Since then, web sites have taken off to be the backbone of business
communications. In particular, web sites have become an important tool for
awareness marketing.
Awareness marketing, as the name implies, is helping the
customer understand exactly what you are selling. If I were selling a new
delicacy, let’s say a chocolate covered fruit kabob made of strawberries,
grapes and pineapple, and I called it a Strawgraple, I would need to let the
public know what a Strawgraple was before anyone would buy it. In the old way
of marketing awareness, I might get a booth in the produce section at a local
grocery store and give out free samples with a coupon. Today, I would try to
create a following on a web site: www.strawgraple.com. I would want to keep
people coming back to learn more about Strawgraples so that I could effectively
entice them to purchase my product.
There is a link between effectively
engaging your clients online and how well they understand what you are trying
to sell them. If a web site is filled with pertinent information and tools that
make it easier to do business, chances are a customer will come back time and
again, bookmark pages that they find relevant, and pass on info they find on
your site. In our wired society, this is the key to making a sale.

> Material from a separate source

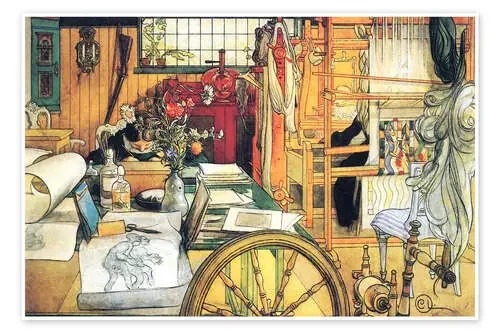 En el taller de Carl Larsson Master Collection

How effective is your web site in making your target market aware of your products and services? You will never know for sure unless you are capturing statistics and comparing them to your marketing efforts. Are people coming back to your site time and again or is it one view and out? What content are they taking time to peruse? Do you see any trends forming? Until you measure it, you will never know for sure.
One of the keys to awareness marketing is to measure your success in communicating with your target audience. We have a client who has seen a historical trend on their web site. In the second quarter of the year, they have the largest number of page views. Based on that information, we know that the second quarter is the best time to launch new products. But how do we know we are being effective in making these large number of viewers aware of a new product? There are many pages they can view on this web site. How do we know they are looking at the new content? The simple answer is we track the number of views for the new product page. But beyond this, we use an old marketing technique on the product page; an action point. For years, we built ads with an action point. We asked people to call a phone number, contact their local retailer, fill out a mail-back postcard, etc. When we are dealing with awareness marketing on a product's web page, we are going to ask the viewer to click for more information. If we are smart about it, we will withhold part of the information from the main product page and build subsequent pages based on the level of interest. Clicking becomes our action point. We can measure the path of "clicks" to find out our effectiveness in communicating awareness of the product.
Whether you are selling Strawgraples or something else, make sure you are building awareness marketing into your web site and measuring the success of your efforts.